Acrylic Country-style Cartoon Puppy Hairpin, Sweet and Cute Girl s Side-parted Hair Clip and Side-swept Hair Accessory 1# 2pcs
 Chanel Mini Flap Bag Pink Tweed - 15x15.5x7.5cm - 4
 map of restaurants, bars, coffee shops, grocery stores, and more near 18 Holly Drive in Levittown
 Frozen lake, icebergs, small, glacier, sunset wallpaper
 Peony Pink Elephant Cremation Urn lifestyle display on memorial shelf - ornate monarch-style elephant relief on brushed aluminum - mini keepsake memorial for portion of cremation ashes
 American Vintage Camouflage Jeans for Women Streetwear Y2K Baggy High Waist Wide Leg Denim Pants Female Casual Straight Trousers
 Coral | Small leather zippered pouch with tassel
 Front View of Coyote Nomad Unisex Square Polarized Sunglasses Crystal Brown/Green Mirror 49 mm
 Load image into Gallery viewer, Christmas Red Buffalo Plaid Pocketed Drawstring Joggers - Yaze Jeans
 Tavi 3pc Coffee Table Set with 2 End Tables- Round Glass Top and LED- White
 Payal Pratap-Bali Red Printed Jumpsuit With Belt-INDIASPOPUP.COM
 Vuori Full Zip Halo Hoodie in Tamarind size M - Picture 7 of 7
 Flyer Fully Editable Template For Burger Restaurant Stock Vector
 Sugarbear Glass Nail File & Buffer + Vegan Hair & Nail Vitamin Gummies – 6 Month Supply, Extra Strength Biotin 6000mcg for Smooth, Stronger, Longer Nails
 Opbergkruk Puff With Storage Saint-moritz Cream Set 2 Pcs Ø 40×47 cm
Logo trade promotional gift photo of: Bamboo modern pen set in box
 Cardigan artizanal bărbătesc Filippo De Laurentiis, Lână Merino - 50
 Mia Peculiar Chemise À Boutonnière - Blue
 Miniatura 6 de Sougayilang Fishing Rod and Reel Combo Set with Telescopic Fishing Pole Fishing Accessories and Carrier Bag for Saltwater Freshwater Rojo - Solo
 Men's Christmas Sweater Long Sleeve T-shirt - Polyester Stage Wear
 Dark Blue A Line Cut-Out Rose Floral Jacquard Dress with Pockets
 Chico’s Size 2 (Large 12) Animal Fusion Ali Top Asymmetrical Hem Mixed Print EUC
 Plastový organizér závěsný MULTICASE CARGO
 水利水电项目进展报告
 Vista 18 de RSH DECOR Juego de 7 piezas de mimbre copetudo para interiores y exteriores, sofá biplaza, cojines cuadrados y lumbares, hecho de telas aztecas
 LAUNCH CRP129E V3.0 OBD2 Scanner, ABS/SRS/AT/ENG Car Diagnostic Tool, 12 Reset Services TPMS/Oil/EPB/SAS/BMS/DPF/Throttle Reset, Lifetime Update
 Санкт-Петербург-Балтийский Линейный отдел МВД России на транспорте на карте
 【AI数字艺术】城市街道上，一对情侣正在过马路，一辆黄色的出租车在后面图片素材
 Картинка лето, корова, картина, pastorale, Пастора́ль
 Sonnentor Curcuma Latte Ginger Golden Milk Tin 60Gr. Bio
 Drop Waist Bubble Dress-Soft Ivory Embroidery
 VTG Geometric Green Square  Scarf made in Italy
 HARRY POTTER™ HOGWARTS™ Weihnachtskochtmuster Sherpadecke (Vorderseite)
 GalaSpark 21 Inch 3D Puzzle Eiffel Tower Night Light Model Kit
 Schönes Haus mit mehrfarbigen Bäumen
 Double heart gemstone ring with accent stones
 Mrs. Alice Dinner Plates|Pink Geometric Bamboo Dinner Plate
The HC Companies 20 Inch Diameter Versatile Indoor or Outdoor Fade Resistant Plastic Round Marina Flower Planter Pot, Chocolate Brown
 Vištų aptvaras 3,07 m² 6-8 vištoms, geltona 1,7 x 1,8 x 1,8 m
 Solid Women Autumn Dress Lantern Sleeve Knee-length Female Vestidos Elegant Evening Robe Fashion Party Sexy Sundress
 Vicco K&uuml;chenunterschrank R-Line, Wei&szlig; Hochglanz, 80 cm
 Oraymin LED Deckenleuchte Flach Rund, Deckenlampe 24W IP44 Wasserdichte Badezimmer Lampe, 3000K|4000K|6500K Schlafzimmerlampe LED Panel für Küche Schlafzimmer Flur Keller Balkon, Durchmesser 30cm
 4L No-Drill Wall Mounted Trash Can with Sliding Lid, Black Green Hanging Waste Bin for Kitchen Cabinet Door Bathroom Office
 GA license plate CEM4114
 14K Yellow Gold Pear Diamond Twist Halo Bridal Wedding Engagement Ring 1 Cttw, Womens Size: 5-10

_ _ _ _ _

● **Work task**
Copy out every line in the entries above that holds "Pink".

● **Reply to the exercise**
 Chanel Mini Flap Bag Pink Tweed - 15x15.5x7.5cm - 4
 Peony Pink Elephant Cremation Urn lifestyle display on memorial shelf - ornate monarch-style elephant relief on brushed aluminum - mini keepsake memorial for portion of cremation ashes
 Mrs. Alice Dinner Plates|Pink Geometric Bamboo Dinner Plate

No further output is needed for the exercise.